Special issue: Optimization models and algorithms for data science
In the modern information age, data and decisions are more strongly linked than ever before. The recent emergence of 'data science' as an interdisciplinary field that aims to distil insights from data and that informs data-driven decision-making bears witness to the importance of rigorous, evidence-based decision-making that crosses the boundaries of statistics, computer science, machine learning and optimization. This special issue focuses on some of the recent data science-related advances in
... optimization theory. The contributions to this special issue include optimization models and algorithms that deal with large data sets, as well as applications from business analytics and machine learning that have emerged in the last decades as data accumulates from multiple sources.
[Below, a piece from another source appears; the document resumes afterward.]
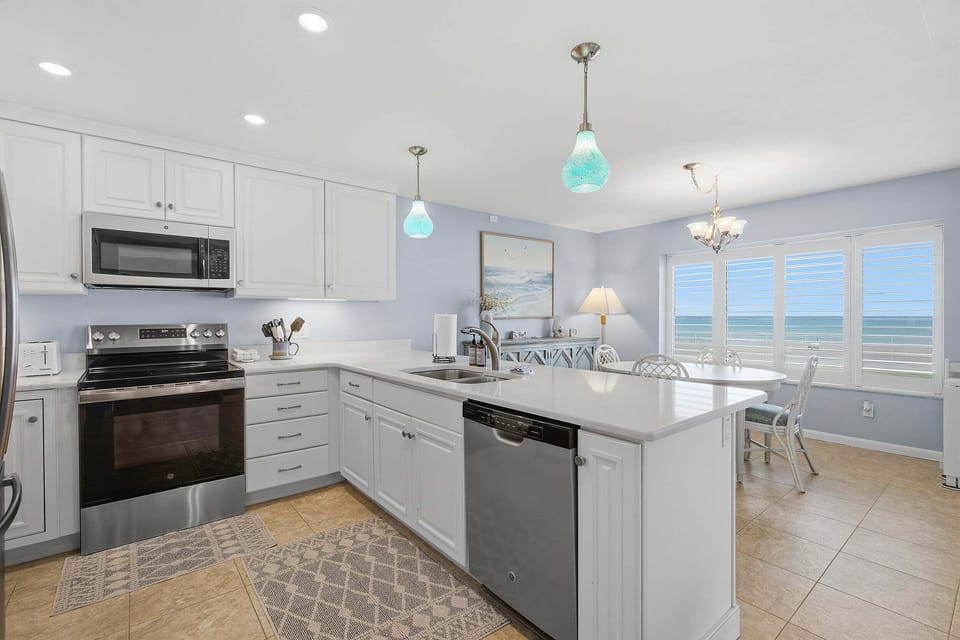 Prepare meals in this bright, fully equipped kitchen featuring modern appliances, spacious countertops, and an open layout. The adjacent dining area offers beautiful ocean views, making every meal part of your relaxing beach stay.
In the first paper (Max-Norm Optimization for Robust Matrix Recovery), Ethan X. Fang, Han Liu, Kim-Chuan Toh and Wen-Xin Zhou develop a new estimator for the matrix completion problem under arbitrary sampling schemes. The matrix completion problem aims to reconstruct an unknown matrix given information from a small number of noise-contaminated entries. Current methods assume that the indices of the observed entries follow a uniform distribution. This assumption is restrictive in many applications, including the well-known Netflix problem. To address this issue, the authors propose an estimator that incorporates both a max-norm and nuclear-norm regularization and solve the resulting model using ADMM (Alternating Direction Method of Multipliers). Through numerical experiments with real datasets, the authors show improvements over other estimators without a significant increase in computational effort. In the second paper (Primal and Dual Predicted Decrease Approximation Methods), Amir Beck, Edouard Pauwels and Shoham Sabach develop the notion of 'predicted decrease approximation' to provide a unified convergence analysis for various existing algorithms for constrained convex optimization. To this end, the authors consider the problem of minimizing smooth functions over compact convex sets using linear oracles. Methods based on linear oracles perform inexpensive computations at each iteration and are widely used in data science applications. The authors unify the convergence analysis of generalized conditional gradient, proximal gradient, greedy coordinate descent for separable constraints and working set methods for linear equality constraints with bounds. The analysis is performed using the concept of 'predicted decrease' that ensures that an algorithmic step is 'at least as good' as a conditional gradient step. The authors show that the dual application of this approach leads to primal-dual convergence guarantees that hold even if the primal model is only partially strongly convex.